Download the pretrained weights MobileNetSSD_deploy.caffemodelon https://drive.google.com/file/d/0B3gersZ2cHIxRm5PMWRoTkdHdHc/view
On the $CAFFE_ROOT folder, run command below, it will display the detection video on the screen and save the output video as test.avi

./build/tools/caffe test -model examples/mobilenet_ssd/MobileNetSSD_video_example.prototxt -weights $WEIGHTSPATH/MobileNetSSD_deploy.caffemodel -gpu 0 -phase TEST -iterations 10000

You can use your own video by modify the video_file parameter on the two VideoData layer

Verify the accuracy of detection network.

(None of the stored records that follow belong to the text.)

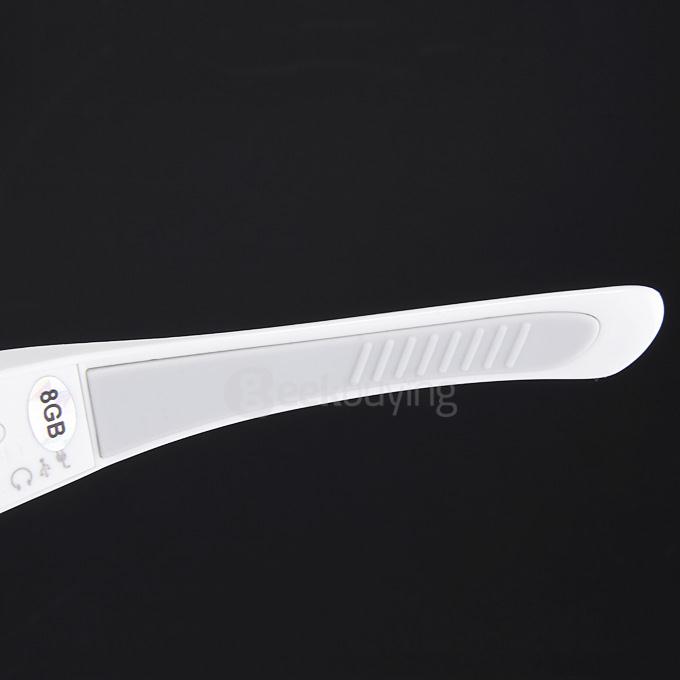 MS2 Polarized UV400 Bluetooth Sunglasses with Headset 8GB SD Card Camera HD 720P Video Recorder for iOS Android - White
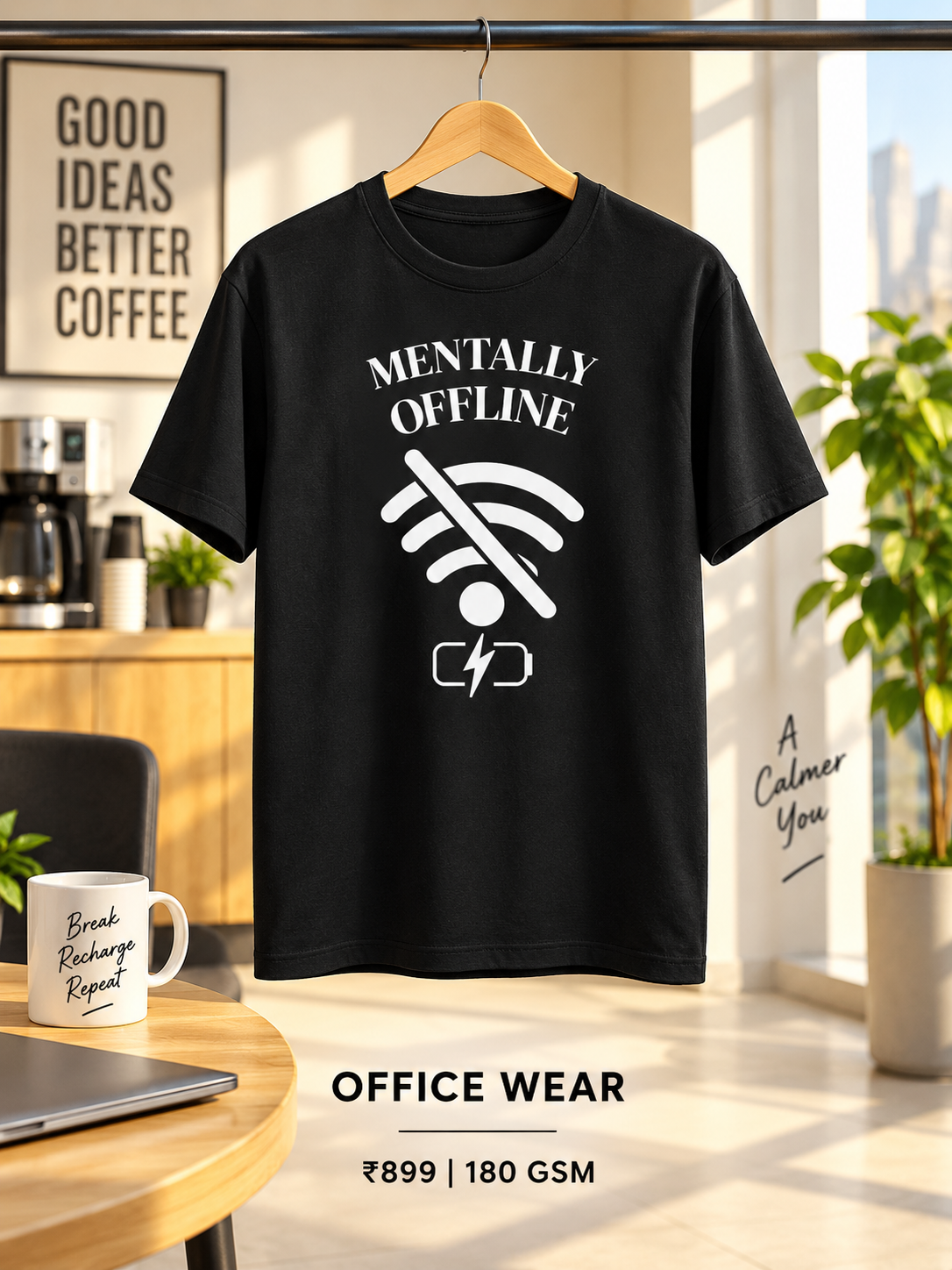 Mentally Offline Printed T-Shirt | Made to Order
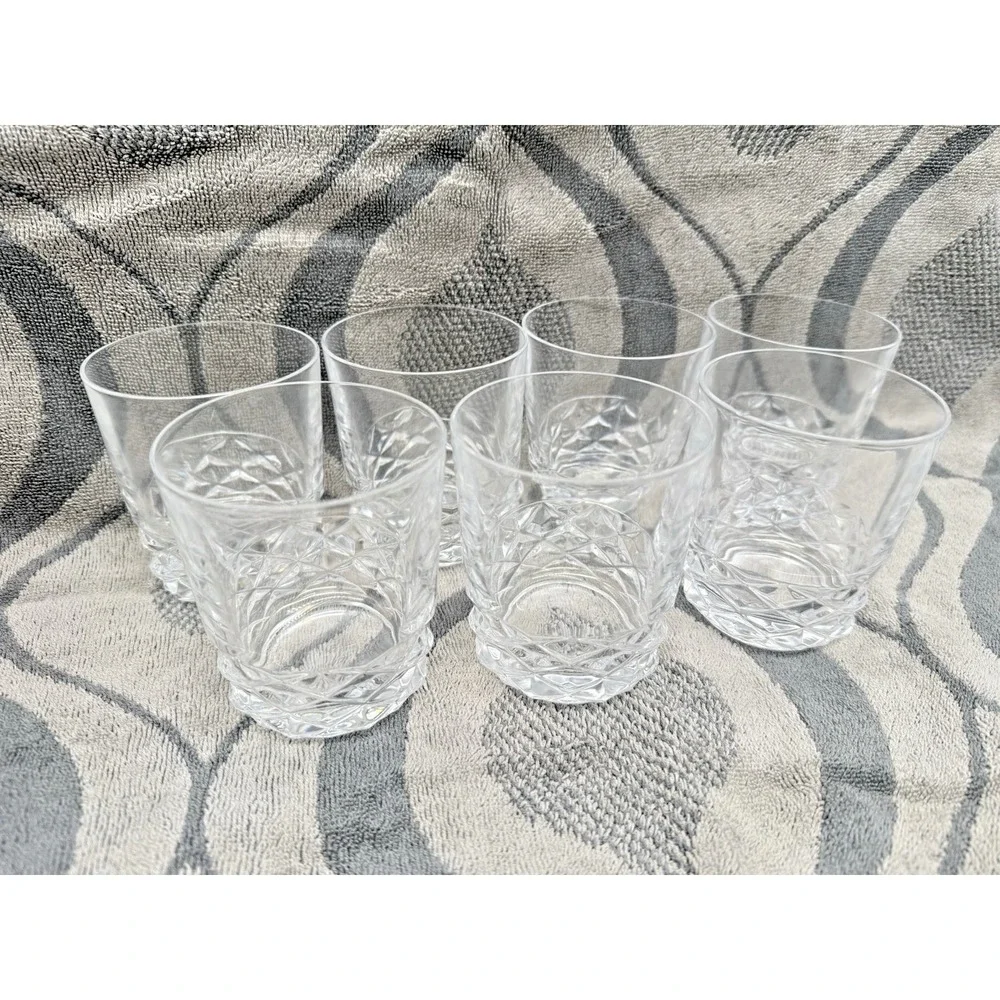 Lot of 7 Vintage Lead Crystal Diamond Cut Old Fashioned Rocks Glasses - Picture 3 of 14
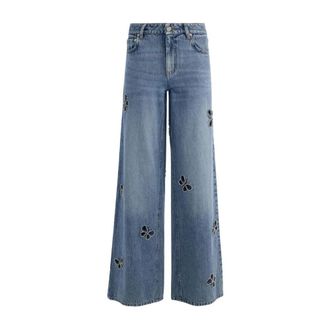 Alice & Olivia Amazing Embellished Jean - Dames - Loose Fit Jeans - Blauw - W26 - Katoen - Jeans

caffe/caffe-fp16 tool of clCaffe support the measurement of mAP of detection network. To verify the accuracy of MobileNet-SSD on VOC database, please follow below steps. The float and half version of clCaffe can achieve 0.727 mAP for VOC2007 test data.

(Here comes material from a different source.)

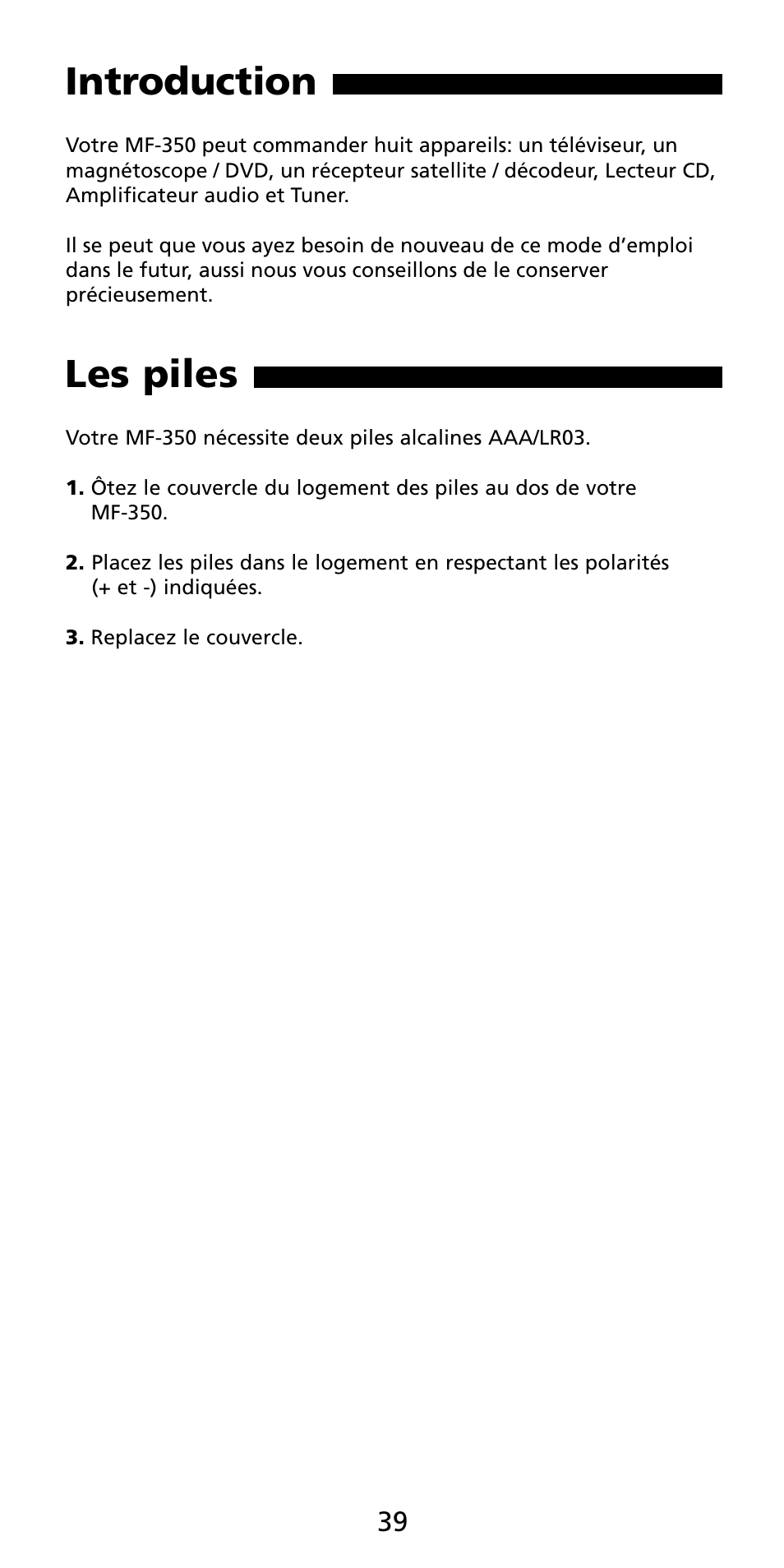 Introduction, Les piles | Aiwa MF-350 User Manual | Page 40 / 73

Downlad VOC2007 and VOC2012 dataset

# Download the data.
cd $HOME/data
wget http://host.robots.ox.ac.uk/pascal/VOC/voc2012/VOCtrainval_11-May-2012.tar
wget http://host.robots.ox.ac.uk/pascal/VOC/voc2007/VOCtrainval_06-Nov-2007.tar
wget http://host.robots.ox.ac.uk/pascal/VOC/voc2007/VOCtest_06-Nov-2007.tar
# Extract the data.
tar -xvf VOCtrainval_11-May-2012.tar
tar -xvf VOCtrainval_06-Nov-2007.tar
tar -xvf VOCtest_06-Nov-2007.tar

Create the LMDB file.

cd $CAFFE_ROOT
# Create the trainval.txt, test.txt, and test_name_size.txt in data/VOC0712/
./data/VOC0712/create_list.sh
# You can modify the parameters in create_data.sh if needed.
# It will create lmdb files for trainval and test with encoded original image:
#   - $HOME/data/VOCdevkit/VOC0712/lmdb/VOC0712_trainval_lmdb
#   - $HOME/data/VOCdevkit/VOC0712/lmdb/VOC0712_test_lmdb
# and make soft links at examples/VOC0712/
./data/VOC0712/create_data.sh

Verify the mAP on $CAFFE_ROOT directory with below command. Consider the iterations here is 619, that's because the batch we use is 8 and the total images of VOC test database is 8*619=4952. The weights used here can be download from google driver link provided on the previous section.

./build/tools/caffe test -detection -model examples/mobilenet_ssd/MobileNetSSD_test.prototxt -weights $WEIGHTPATH/MobileNetSSD_deploy.caffemodel -gpu 0 -phase TEST -iterations 619

Wait in patience to see the detecion_eval output on the terminal. You can also test your own data by prepared your own lmdb database and labelmap portotxt.

Training your own data with MobileNet-SSD.

clCaffe provide the ability to train your own data with backend CPU or GPU(nv/intel). You can follow the scripts and readme provided by https://github.com/chuanqi305/MobileNet-SSD to trained on your own data or reproduce the mAP of pre-trained weights.